[BRIEF] The part below that opens with the line containing "Once that is" and closes with the line containing "The I2C tool" should be copied exactly, minus any pictures.

[DATA EXCERPTS]
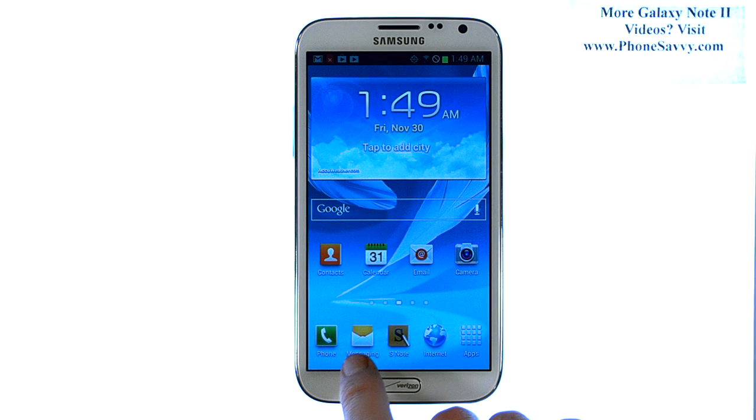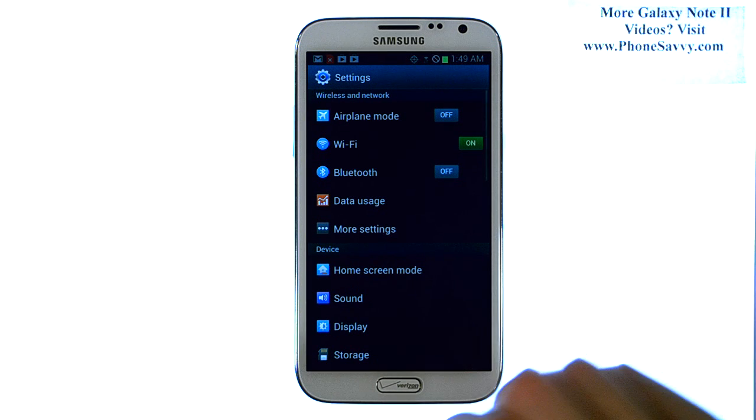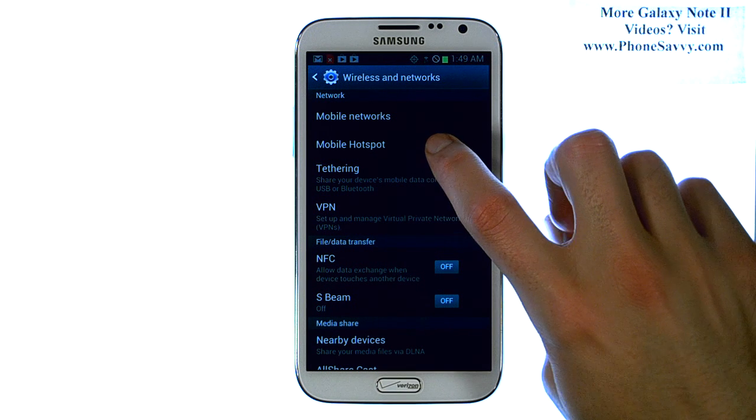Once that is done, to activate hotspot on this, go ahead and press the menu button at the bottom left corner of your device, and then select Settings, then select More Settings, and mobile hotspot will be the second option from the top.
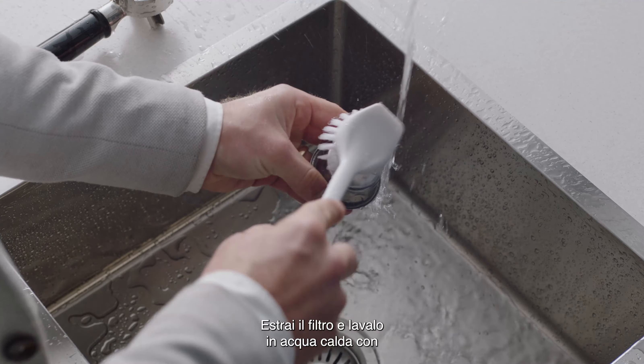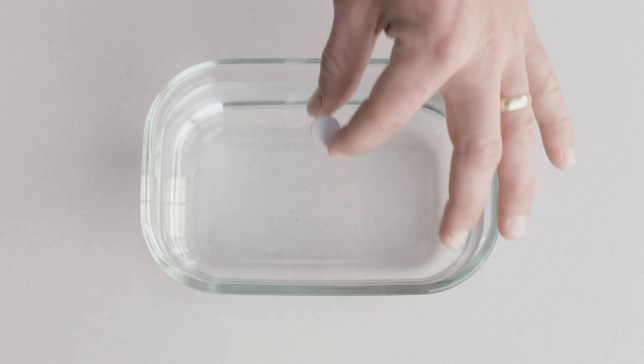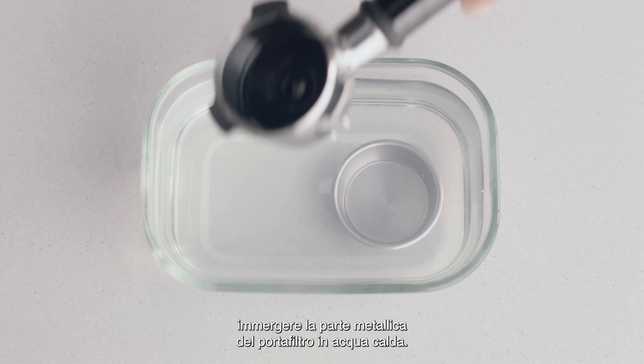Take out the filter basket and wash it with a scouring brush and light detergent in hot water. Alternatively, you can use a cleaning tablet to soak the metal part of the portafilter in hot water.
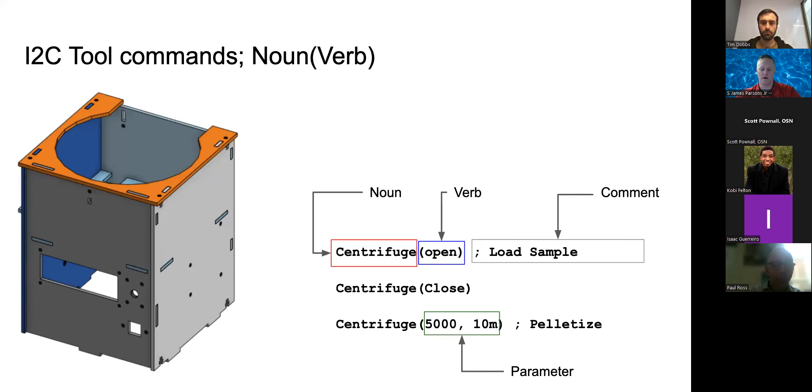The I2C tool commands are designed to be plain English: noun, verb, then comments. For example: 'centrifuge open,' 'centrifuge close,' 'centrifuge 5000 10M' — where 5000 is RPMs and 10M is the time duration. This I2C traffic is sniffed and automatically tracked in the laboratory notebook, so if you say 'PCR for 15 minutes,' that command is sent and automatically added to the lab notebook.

---

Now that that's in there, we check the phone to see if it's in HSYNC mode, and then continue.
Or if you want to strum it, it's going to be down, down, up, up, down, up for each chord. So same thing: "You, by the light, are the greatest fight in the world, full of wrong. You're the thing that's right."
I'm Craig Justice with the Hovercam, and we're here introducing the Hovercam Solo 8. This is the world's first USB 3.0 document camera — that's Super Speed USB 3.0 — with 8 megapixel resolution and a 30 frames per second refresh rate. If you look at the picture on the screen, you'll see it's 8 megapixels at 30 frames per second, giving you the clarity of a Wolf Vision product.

[EXERCISE ANSWER]
Once that is done, to activate hotspot on this, go ahead and press the menu button at the bottom left corner of your device, and then select Settings, then select More Settings, and mobile hotspot will be the second option from the top.
Take out the filter basket and wash it with a scouring brush and light detergent in hot water. Alternatively, you can use a cleaning tablet to soak the metal part of the portafilter in hot water.
The I2C tool commands are designed to be plain English: noun, verb, then comments. For example: 'centrifuge open,' 'centrifuge close,' 'centrifuge 5000 10M' — where 5000 is RPMs and 10M is the time duration. This I2C traffic is sniffed and automatically tracked in the laboratory notebook, so if you say 'PCR for 15 minutes,' that command is sent and automatically added to the lab notebook.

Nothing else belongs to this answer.